Fort beau plateau vocal pour Les Pêcheurs de Perles à Reims
Créée à l’Opéra de Limoges en avril dernier et alors commentée sur ces pages, cette nouvelle production des Pêcheurs de Perles de Georges Bizet fait escale à Reims avant d’être présentée la saison prochaine à l’Opéra de Nice. Bernard Pisani a choisi, avec son décorateur Alexandre Heyraud, son costumier Jérôme Bourdin et son éclairagiste Nathalie Perrier, de privilégier les couleurs franches et un exotisme de bon aloi. Dominé par un soleil éclatant et une grande statue de Bouddha, la scène reflète bien envoûtante île de Ceylan telle que l’imaginaire du 19ème siècle pouvait alors l'illustrer. La présence presque permanente de cinq danseurs-pêcheurs insuffle par ailleurs une vraie dynamique au sein d’une mise en scène traditionnelle et fort sage. Les rapports des personnages manquent de tension, d’intimité les uns par rapport aux autres. Cependant, le spectacle apparaît globalement agréable, propre à ravir l’œil, mais surtout l’oreille.
La distribution vocale est la même qu’à Limoges. Annoncés souffrants, Hélène Guilmette et Alexandre Duhamel donnent toutefois le meilleur d’eux-mêmes dans ces conditions difficiles. Hélène Guilmette incarne une Leïla affirmée, tout en mettant en évidence la fragilité du personnage. Vocalement, la ligne s’avère parfaitement conduite, l’aigu rayonnant mais un rien plus sensible qu’à son habitude. Elle se montre logiquement réservée et soucieuse de préserver ses moyens sur la longueur de l’ouvrage. Son air du deuxième acte, "Me voilà seule dans la nuit", suivi du superbe duo avec Nadir, la montre à son meilleur, et la demi-teinte est un enchantement. Elle trouve, il est vrai, un partenaire de choix dans le Nadir enchanteur de Julien Dran. Avec les années et la pratique de la scène, la voix du jeune ténor s’est franchement affirmée et se déploie sans aucun effort dans ce rôle qui allie franchise de l’émission et délicatesse de style. Son célèbre air du premier acte, "Je crois entendre encore", en représente l’exemple parfait avec un remarquable soutien du souffle, une flexibilité presque aérienne, un bel art de la nuance et un aigu de qualité. Le comédien demeure un peu statique, mais l’émotion s’avère bien présente.
Alexandre Duhamel campe un Zurga qui n’est pas sans évoquer un Gabriel Bacquier par le caractère qu’il donne à ce personnage constamment tiraillé entre ses sentiments et sa situation de chef des pêcheurs. L’autorité et l’assurance qu’il affiche au plan scénique s’affirment tout autant au plan vocal : voix riche et puissante, au timbre sombre et comme parsemé d’éclairs, pouvant s’alléger lors du duo dramatique avec Leïla au troisième acte lorsque cette dernière vient le supplier d’épargner Nadir.

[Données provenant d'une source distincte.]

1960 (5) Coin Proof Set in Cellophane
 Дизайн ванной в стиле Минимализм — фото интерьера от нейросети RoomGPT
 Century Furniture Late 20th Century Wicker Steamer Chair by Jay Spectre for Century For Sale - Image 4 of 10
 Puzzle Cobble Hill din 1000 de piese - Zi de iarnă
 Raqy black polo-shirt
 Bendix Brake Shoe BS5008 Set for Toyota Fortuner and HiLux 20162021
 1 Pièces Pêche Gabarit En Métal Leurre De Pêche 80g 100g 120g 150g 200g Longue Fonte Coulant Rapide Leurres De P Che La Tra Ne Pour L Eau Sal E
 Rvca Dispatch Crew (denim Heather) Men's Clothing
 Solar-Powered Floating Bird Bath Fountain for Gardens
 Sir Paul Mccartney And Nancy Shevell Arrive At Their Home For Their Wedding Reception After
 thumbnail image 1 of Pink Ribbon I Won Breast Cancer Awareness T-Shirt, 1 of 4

Son interprétation s’avère particulièrement riche et convaincante. Très belle présence aussi pour Frédéric Caton en Nourabad. Il donne une vraie consistance à ce personnage austère et antipathique.
Comme à Limoges, Robert Tuohy dirige l’Orchestre, ici celui de l'Opéra de Reims obtenant de ce dernier les couleurs attendues et une belle justesse musicale. Seul le Chœur Elca (Ensemble Lyrique Champagne-Ardenne), trop sollicité, ne parvient pas réellement à se hisser au niveau des autres interprètes.
Cette production des Pêcheurs de Perles est accueillie avec un bel enthousiasme par le public rémois : le soleil en cette pluvieuse journée de printemps était bien à rechercher au cœur de ce beau théâtre et non à l'extérieur.